Hougang United
- Full name: Hougang United Football Club
- Nickname: The Cheetahs
- Short name: HGU
- Founded: 1988; 38 years ago as Marine Castle United 2011; 15 years ago as Hougang United
- Ground: Hougang Stadium
- Capacity: 3,800
- Chairman: Bill Ng
- Head coach: Akbar Nawas
- League: Singapore Premier League
- 2025–26: Singapore Premier League, 6th of 9
- Website: www.hgfc.com.sg
| Home colours | Away colours |

= Hougang United FC =

Singaporean football club

Hougang United Football Club is a professional football club based in Hougang, Singapore. The club competes in the Singapore Premier League, the top tier of Singaporean football.

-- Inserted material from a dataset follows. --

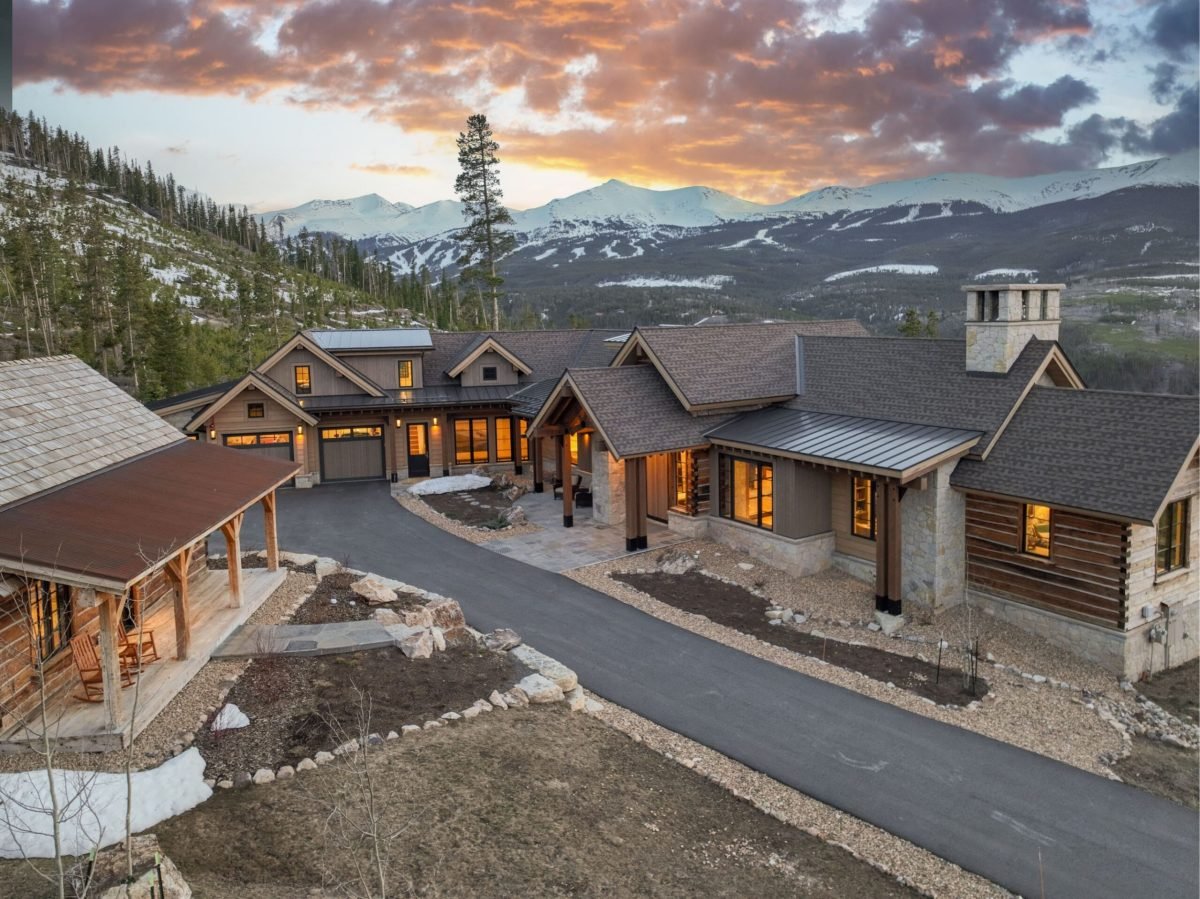 25 acres of open space surrounds the Breckenridge estate. Such a level of privacy in the Highlands is unparalleled.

Founded in 1998 as Marine Castle United, the club changed its name to Hougang United in 2011. Nicknamed the Cheetahs, Hougang United has played its home games at Hougang Stadium since its formation. Throughout the club history, they have won 1 Singapore Cup in the 2022 season.

==History==

=== Beginning and breakthrough (1988–2001) ===
The club was founded as Marine Castle United Football Club in 1988 as a National Football League team which was formed by Newcastle United fans in the Marine Parade area. The club was nicknamed the Dolphins.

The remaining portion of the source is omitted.